Adding extra configuration with generic bash commands#
Introduction#
Hopsworks comes with several prepackaged Python environments that contain libraries for data engineering, machine learning, and more general data science use-cases. Hopsworks also offers the ability to install additional packages from various sources, such as using the pip or conda package managers and public or private git repository.
Some Python libraries require the installation of some OS-Level libraries. In some cases, you may need to add more complex configuration to your environment. This demands writing your own commands and executing them on top of the existing environment.
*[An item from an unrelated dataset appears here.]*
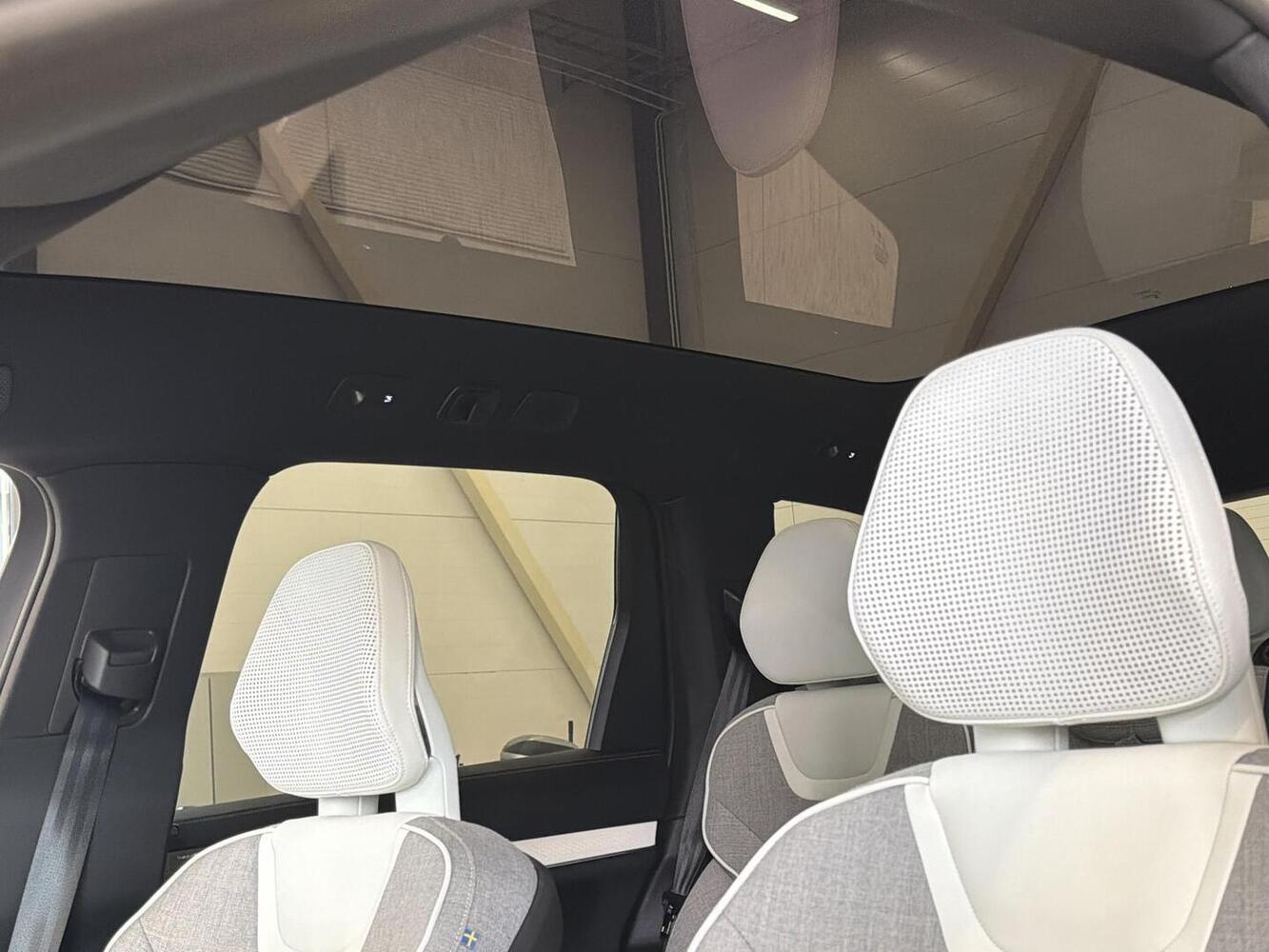 Volvo EX90 vaihtoauto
In this guide, you will learn how to run custom bash commands that can be used to add more complex configuration to your environment e.g., installing OS-Level packages or configuring an oracle database.
Prerequisites#
In order to install a custom dependency one of the base environments must first be cloned, follow this guide for that.
Running bash commands#
In this section, we will see how you can run custom bash commands in Hopsworks to configure your Python environment.
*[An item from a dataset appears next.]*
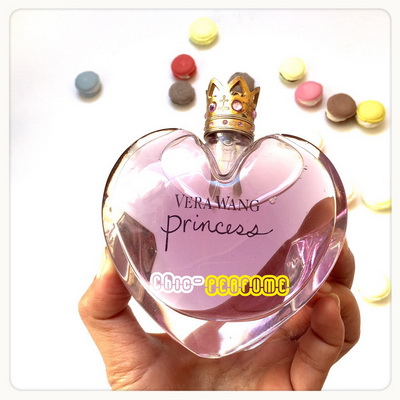 น้ำหอม Vera Wang Princess EDT 100ml.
In Hopsworks, we maintain a docker image built on top of Ubuntu Linux distribution. You can run generic bash commands on top of the project environment from the UI or REST API.
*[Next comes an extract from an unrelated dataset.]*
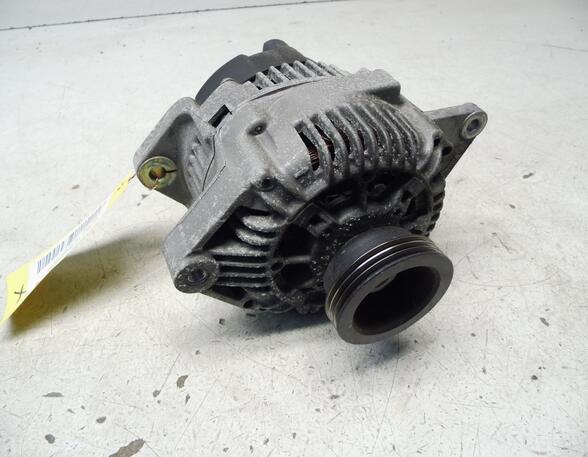 Alternator RENAULT CLIO II (BB_, CB_)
Setting up the bash script and artifacts from the UI#
To use the UI, navigate to the Python environment in the Project settings. In the Python environment page, navigate to custom commands. From the UI, you can write the bash commands in the textbox provided. These bash commands will be uploaded and executed when building your new environment. You can include build artifacts e.g., binaries that you would like to execute or include when building the environment. See Figure 1.
Code#
You can also run the custom commands using the REST API. From the REST API, you should provide the path, in HOPSFS, to the bash script and the artifacts(comma separated string of paths in HopsFs). The REST API endpoint for running custom commands is: hopsworks-api/api/project/<projectId>/python/environments/<environmentName>/commands/custom
and the body should look like this:
{
"commandsFile": "<pathToYourBashScriptInHopsFS>",
"artifacts": "<commaSeparatedListOfPathsToArtifactsInHopsFS>"
}
What to include in the bash script#
There are few important things to be aware of when writing the bash script:
- The first line of your bash script should always be
#!/bin/bash
(known as shebang) so that the script can be interpreted and executed using the Bash shell. - You can use
apt
,apt-get
anddeb
commands to install packages. You should always run these commands withsudo
. In some cases, these commands will ask for user input, therefore you should provide the input of what the command expects, e.g.,sudo apt -y install
, otherwise the build will fail. We have already configuredapt-get
to be non-interactive - The build artifacts will be copied to
srv/hops/build
. You can use them in your script via this path. This path is also available via the environmental variableBUILD_PATH
. If you want to use many artifacts it is advisable to create a zip file and upload it to HopsFS in one of your project datasets. You can then include the zip file as one of the artifacts. - The conda environment is located in
/srv/hops/anaconda/envs/hopsworks_environment
. You can install or uninstall packages in the conda environment using pip like:/srv/hops/anaconda/envs/hopsworks_environment/bin/pip install spotify==0.10.2
. If the command requires some input, write the command together with the expected input otherwise the build will fail.